Top of Data for the task
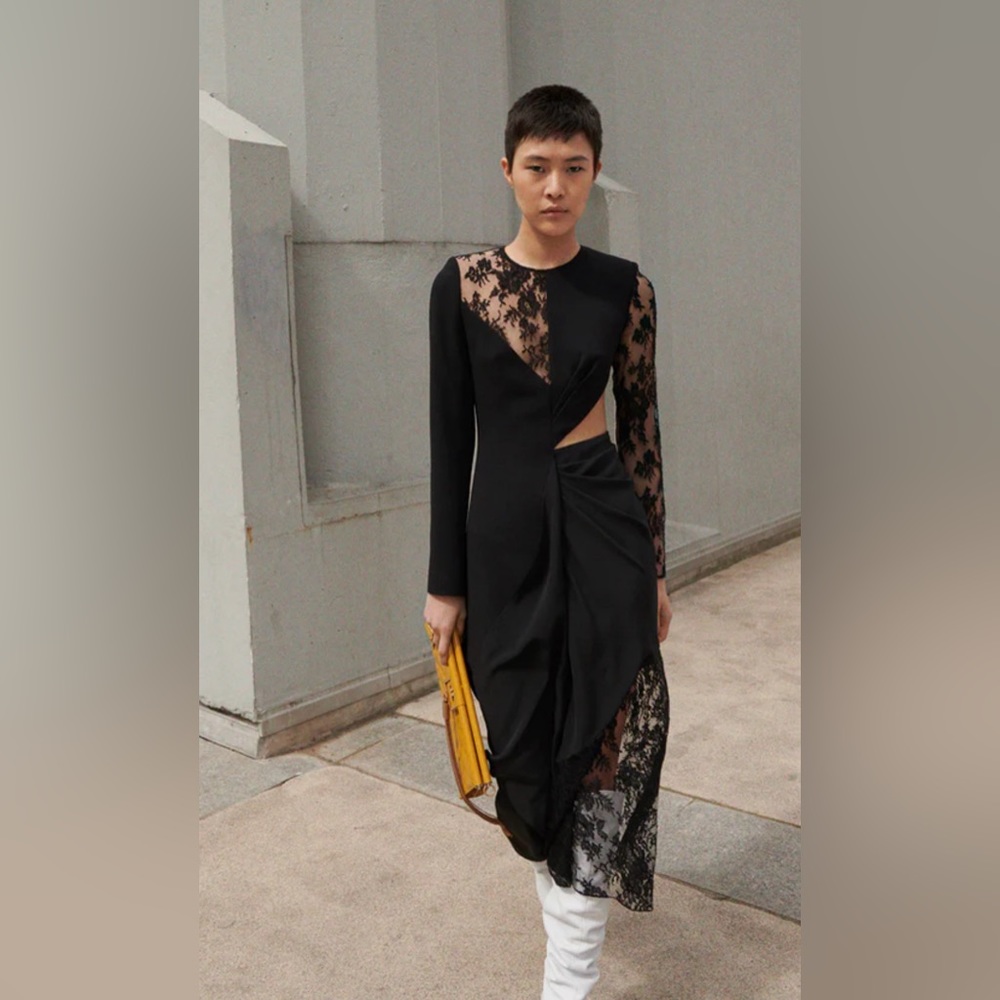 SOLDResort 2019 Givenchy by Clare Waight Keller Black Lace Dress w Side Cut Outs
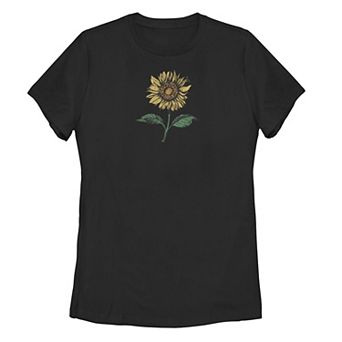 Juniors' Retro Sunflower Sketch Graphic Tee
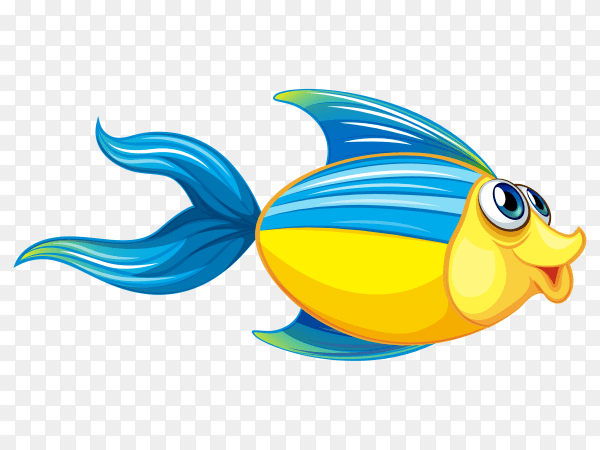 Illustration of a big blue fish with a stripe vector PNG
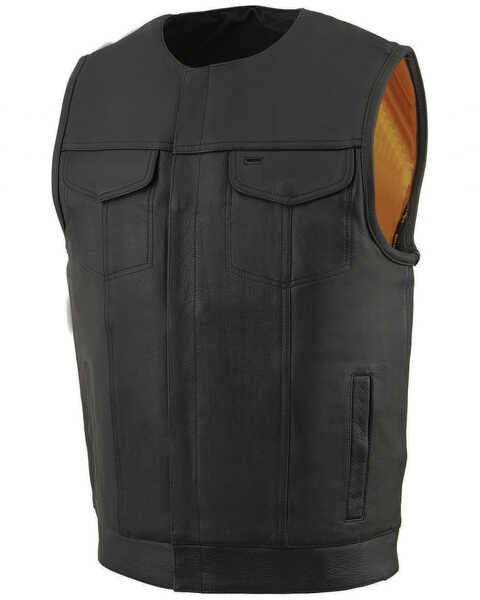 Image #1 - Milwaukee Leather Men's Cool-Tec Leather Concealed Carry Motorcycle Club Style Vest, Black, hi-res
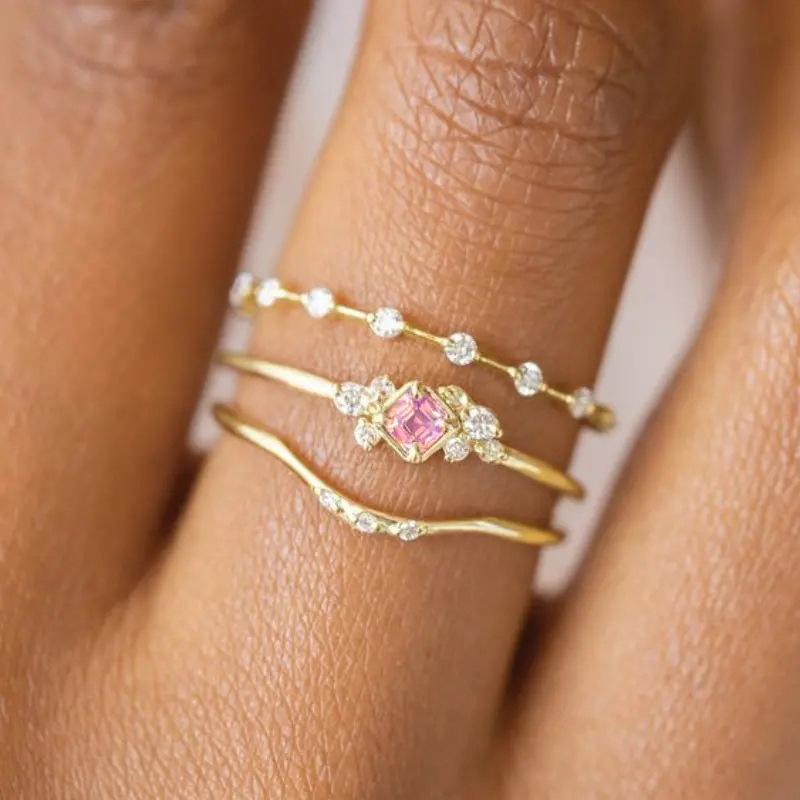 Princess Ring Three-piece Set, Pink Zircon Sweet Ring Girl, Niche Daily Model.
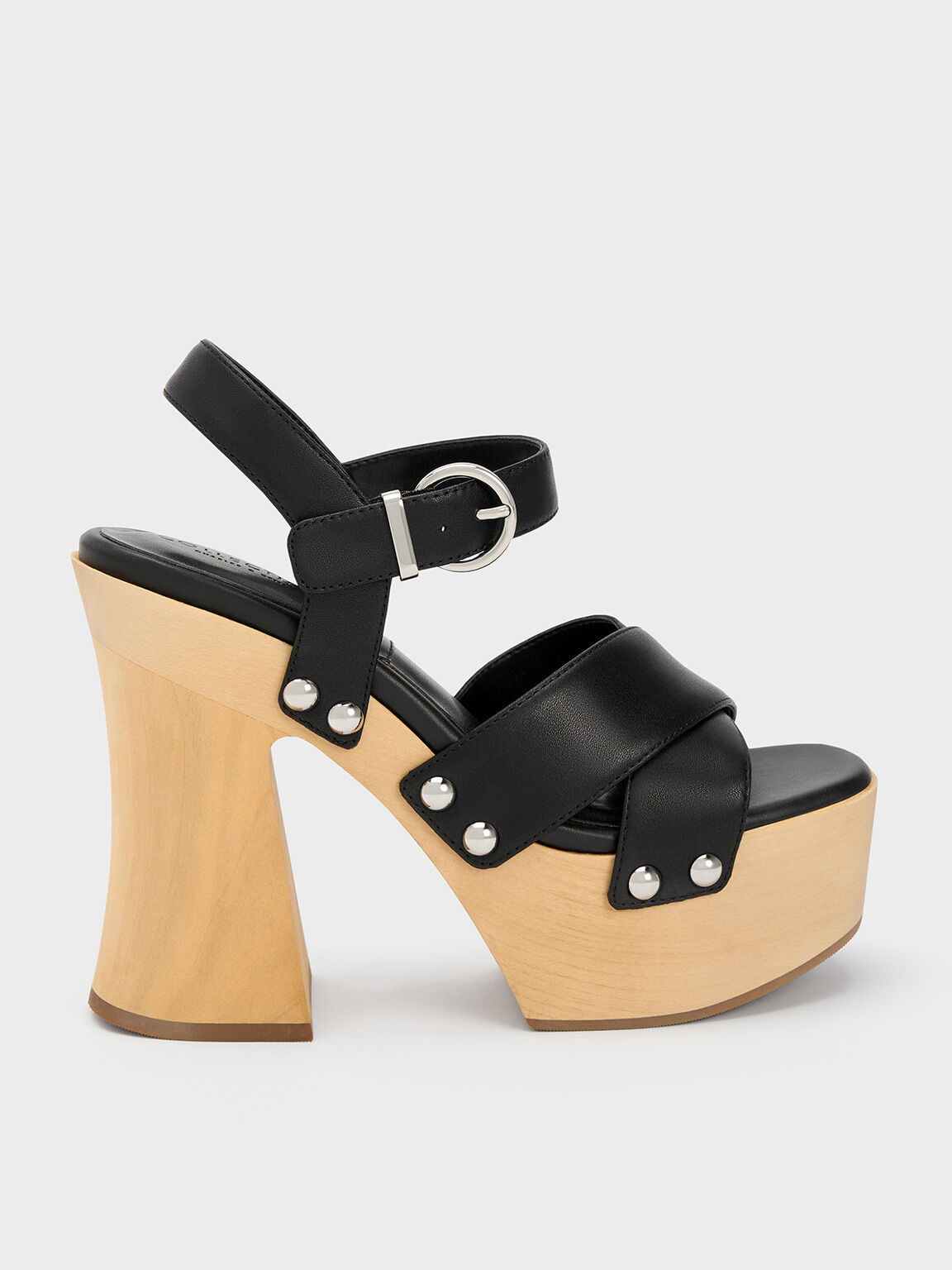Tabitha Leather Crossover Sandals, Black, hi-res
Bottom of Data for the task
## Work instruction
Pictures excluded, return exactly the lines from the one with "Princess Ring Three-piece" through the final line of the entries above, both included.

## Output for this task
 Princess Ring Three-piece Set, Pink Zircon Sweet Ring Girl, Niche Daily Model.
Tabitha Leather Crossover Sandals, Black, hi-res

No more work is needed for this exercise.